[EXERCISE GOAL]
All of the data should be copied exactly, with the pictures left out.

[PROVIDED MATERIAL]
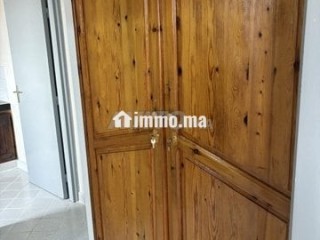 Appartement à louer 56 m² à Salé - Appartement à louer - Sale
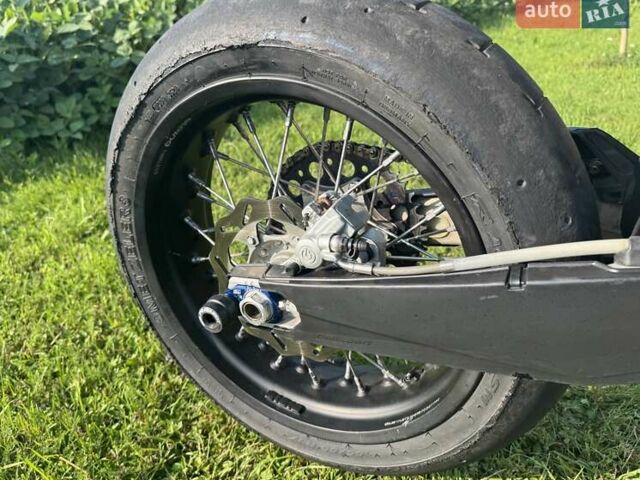 Хускварна FS, об'ємом двигуна 0 л та пробігом 60 тис. км за 5600 $, фото 6 на Automoto.ua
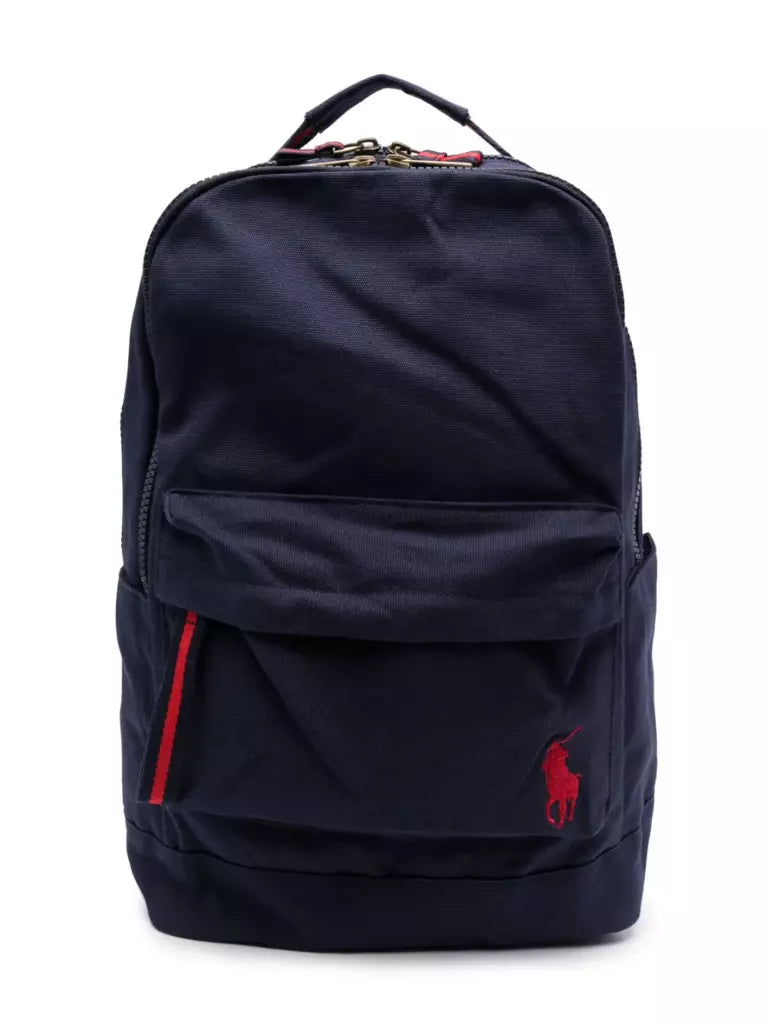 Polo Ralph Lauren Kids Zaino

[THE ANSWER]
 Appartement à louer 56 m² à Salé - Appartement à louer - Sale
 Хускварна FS, об'ємом двигуна 0 л та пробігом 60 тис. км за 5600 $, фото 6 на Automoto.ua
 Polo Ralph Lauren Kids Zaino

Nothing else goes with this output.